Kay Talmi © Urban Zintel

13 November 2020

“We should play an even more active role in shaping the future, shed our fears and use technology profitably.”

The use of artificial intelligence in conjunction with driver assistance systems is now becoming increasingly common. Another exciting use for AI is in "People Sensing”: when people are entering shops or buses/trains, a camera can use image processing to detect them entering. The advantage? Businesses, for instance, can keep track of how many people are in their shop and can stop people entering if required. This is a particularly indispensable technology, especially in the age of Corona. The Berlin company HELLA Aglaia manufactures high-precision people-counting devices in this field. Its portfolio also includes driver assistance systems and other exciting AI solutions. We spoke to its Managing Director – and native Berliner – Kay Talmi.


Dear Mr Talmi, HELLA Aglaia, as a subsidiary of the automotive supplier HELLA, offers a wide range of technical and intelligent solutions. How did this spin-off company come about? And what’s your personal background?

In fact, it wasn’t a spin-off, but a purchase by HELLA. Aglaia was founded in 1989 with the mission to make people's everyday lives easier and safer by providing visual sensor solutions that, simply put, enable machines to see. A milestone was the series production of "Blind Spot Detection" for monitoring the blind spot. By 2006, we’d grown to about thirty employees.

After the takeover by HELLA in 2006, the development of a front camera for vehicles led to the creation of further safety-relevant functions such as traffic sign recognition, high beam and lane keeping assistance. From the very beginning, HELLA has supported us intensively and has worked with us to expand the company and its portfolio. In the meantime, we have grown to 450 employees. Looking back, working with HELLA is a very beautiful symbiosis, which makes me proud and grateful.

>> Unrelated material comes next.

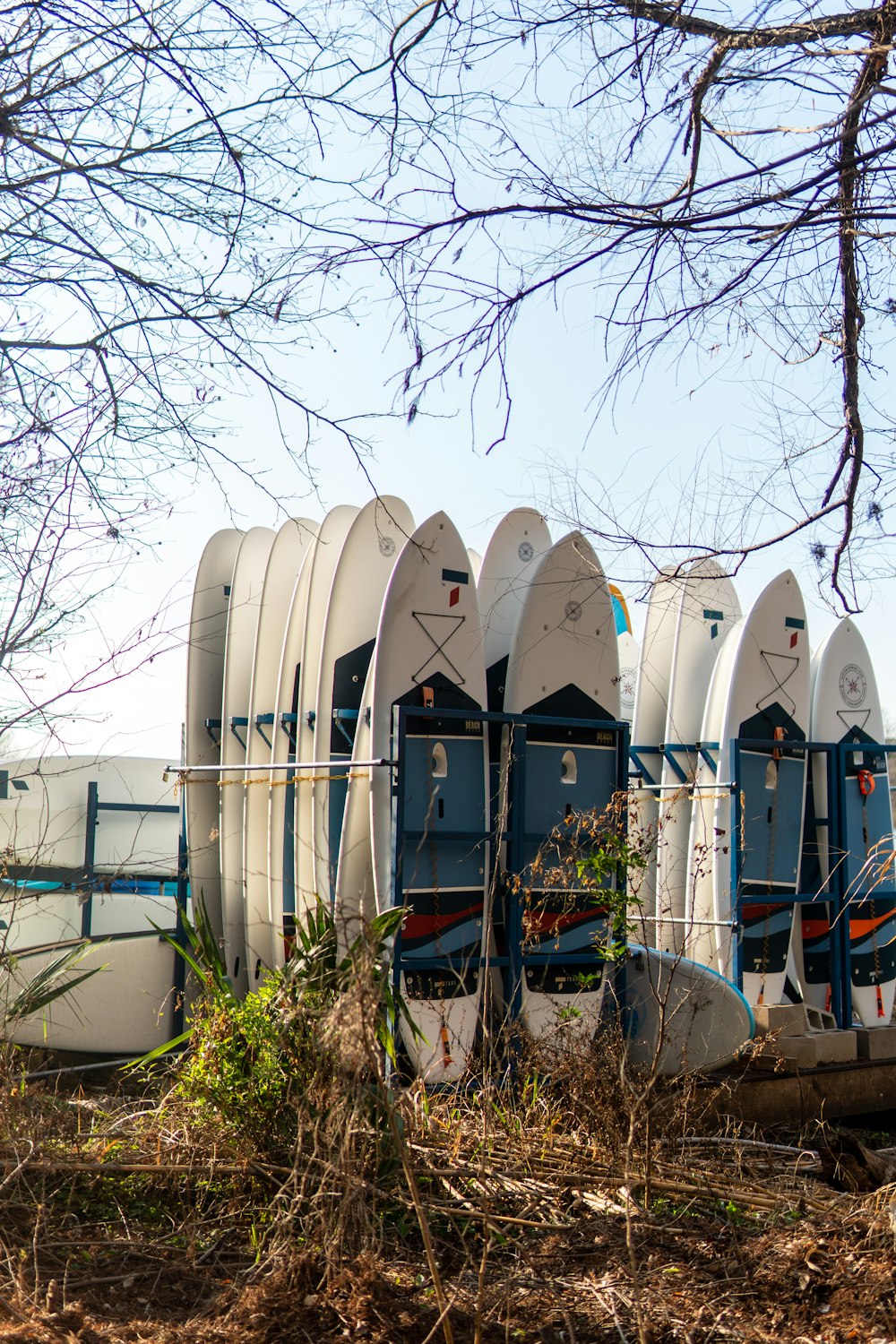 a row of surfboards sitting next to each other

I studied computer science myself at the TU Berlin. Afterwards, I started my own business with a company specialising in image processing. Besides my work as managing director I was responsible for the planning and implementation of image processing projects in the field of human-machine interaction: a camera was used to operate a PC, on the one hand for controlling games, but also as a method of interaction for the severely handicapped. The idea was exciting, but in 1997 it was unfortunately too early for this topic. Then I worked for a fingerprint recognition company in Berlin, among others.

I joined Aglaia in 2004 and was initially responsible for the production launch of the Blind Spot Detection System (BSD) and soon for the entire development. Since December 2009 I have been managing director of the company. Thanks to my background I am still very deeply involved in our topics.

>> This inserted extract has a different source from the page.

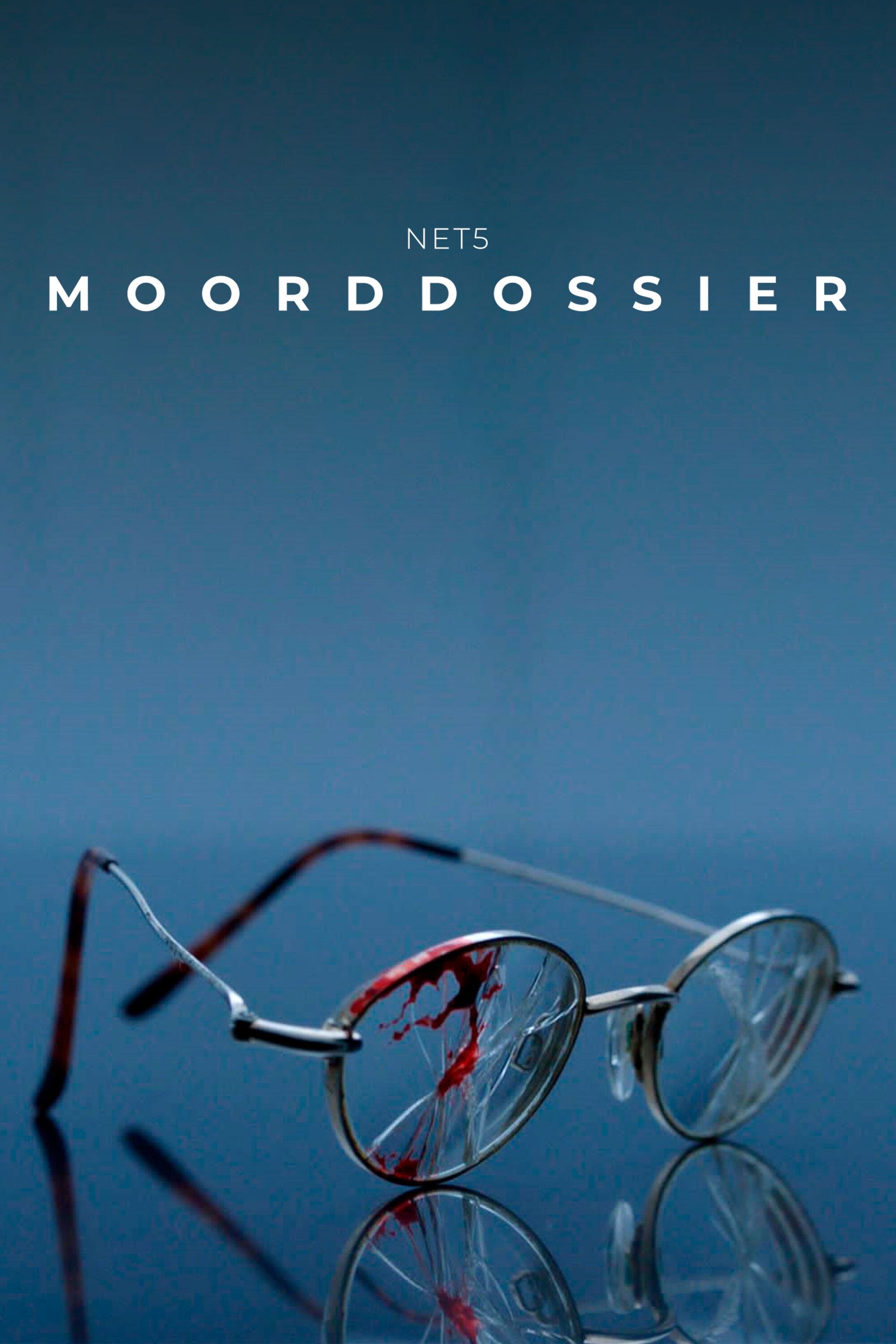 Poster de Moorddossier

One of your solutions is called “People Sensing” and can be used, for instance, for counting customers in shops – a practical solution, especially during Corona times. How exactly does the artificial intelligence behind it work?

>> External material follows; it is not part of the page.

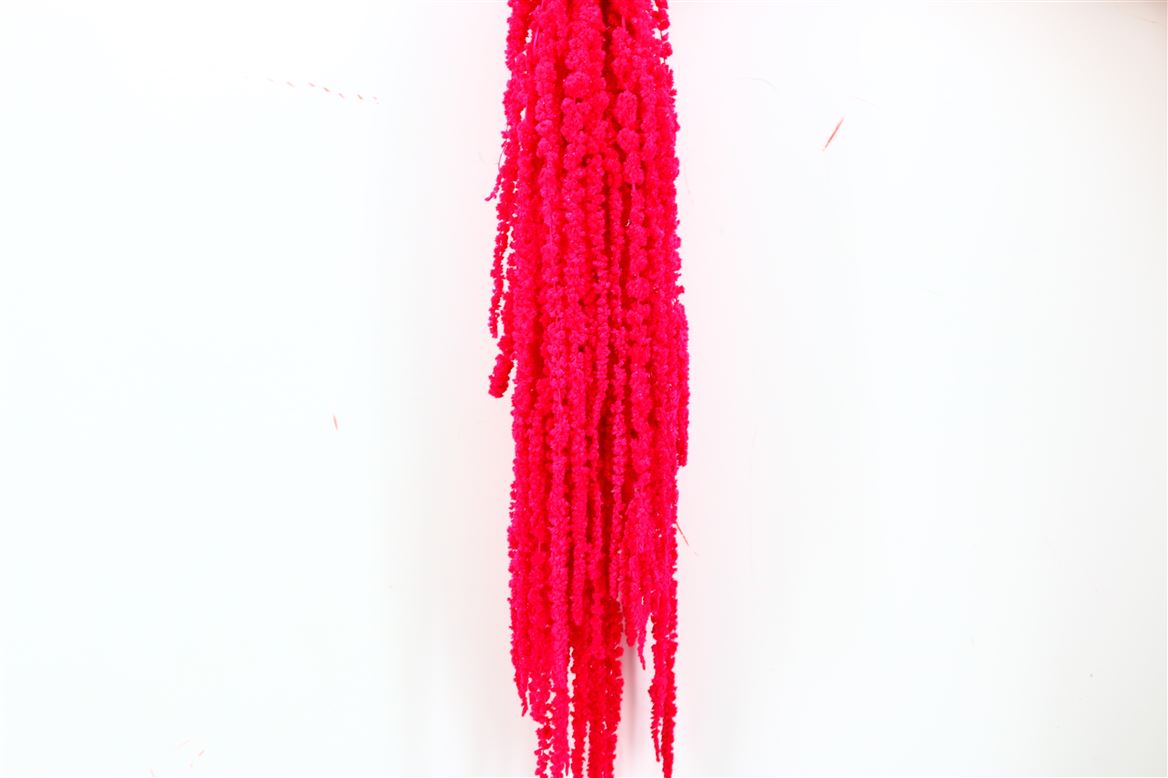 Gedroogde Amaranthus Caudatus – cerise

People Sensing is the name of our business unit, which has been involved in automated people counting in retail and mass transit for over 10 years. Counting people does not only work with artificial intelligence, but primarily with image processing. A video camera is fitted with two cameras that function like two eyes. It’s mounted on the ceiling and estimates the 3D information between them via the two cameras. Here, you can imagine a crowd of people as a forest where people’s heads are seen like treetops. The camera can very precisely recognise and follow these treetops within an area of several metres, approx. 6x6 m, via the 3D information. By linking several cameras, this area can even be extended to more than 500 square meters. AI is then used to make the whole thing secure and for very precise tracking. Thanks to the use of AI, we can achieve high standards in people recognition.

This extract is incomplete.